WORK INSTRUCTION: The data below is to be repeated in full, exactly as shown.

RECORDS SUPPLIED:
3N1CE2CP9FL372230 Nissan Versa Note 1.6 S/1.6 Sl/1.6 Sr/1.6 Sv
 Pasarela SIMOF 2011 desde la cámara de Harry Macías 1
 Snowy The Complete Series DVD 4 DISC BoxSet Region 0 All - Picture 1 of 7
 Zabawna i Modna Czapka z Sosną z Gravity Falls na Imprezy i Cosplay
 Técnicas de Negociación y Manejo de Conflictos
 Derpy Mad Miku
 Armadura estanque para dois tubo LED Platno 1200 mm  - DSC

SOLUTION FOR THIS TASK:
3N1CE2CP9FL372230 Nissan Versa Note 1.6 S/1.6 Sl/1.6 Sr/1.6 Sv
 Pasarela SIMOF 2011 desde la cámara de Harry Macías 1
 Snowy The Complete Series DVD 4 DISC BoxSet Region 0 All - Picture 1 of 7
 Zabawna i Modna Czapka z Sosną z Gravity Falls na Imprezy i Cosplay
 Técnicas de Negociación y Manejo de Conflictos
 Derpy Mad Miku
 Armadura estanque para dois tubo LED Platno 1200 mm  - DSC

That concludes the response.